#### Task requirements:
Repeat the lines of the data exactly and exclude any picture among them.

#### Exercise data:
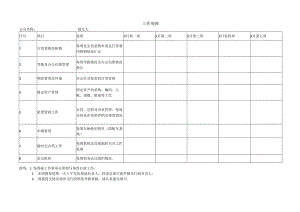 行政工作月度汇报表.docx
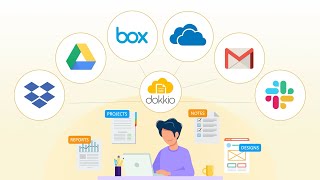 Dokkio Overview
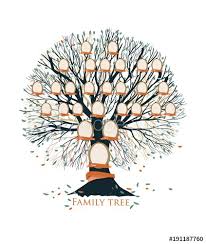 Family Tree Pedigree Or Ancestry Chart Template With
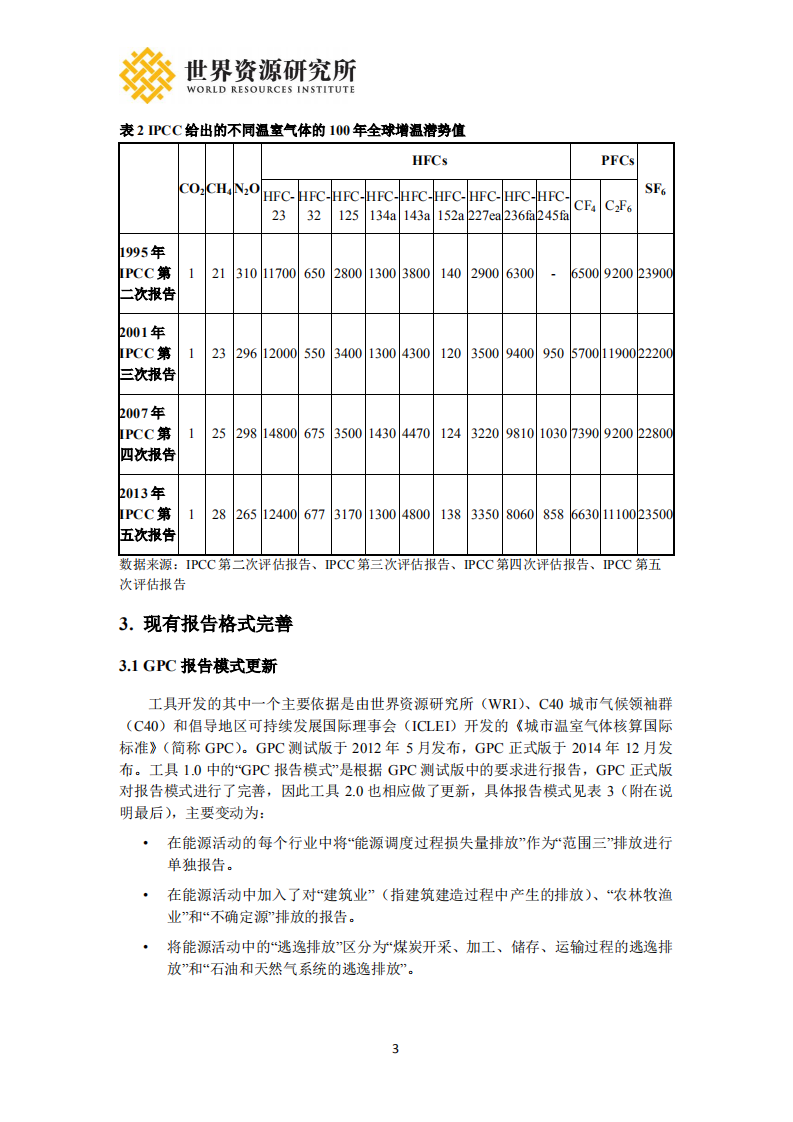 WRI-中国城市温室气体核算工具2.0更新说明.pdf 第3页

#### Answer to this exercise:
 行政工作月度汇报表.docx
 Dokkio Overview
 Family Tree Pedigree Or Ancestry Chart Template With
 WRI-中国城市温室气体核算工具2.0更新说明.pdf 第3页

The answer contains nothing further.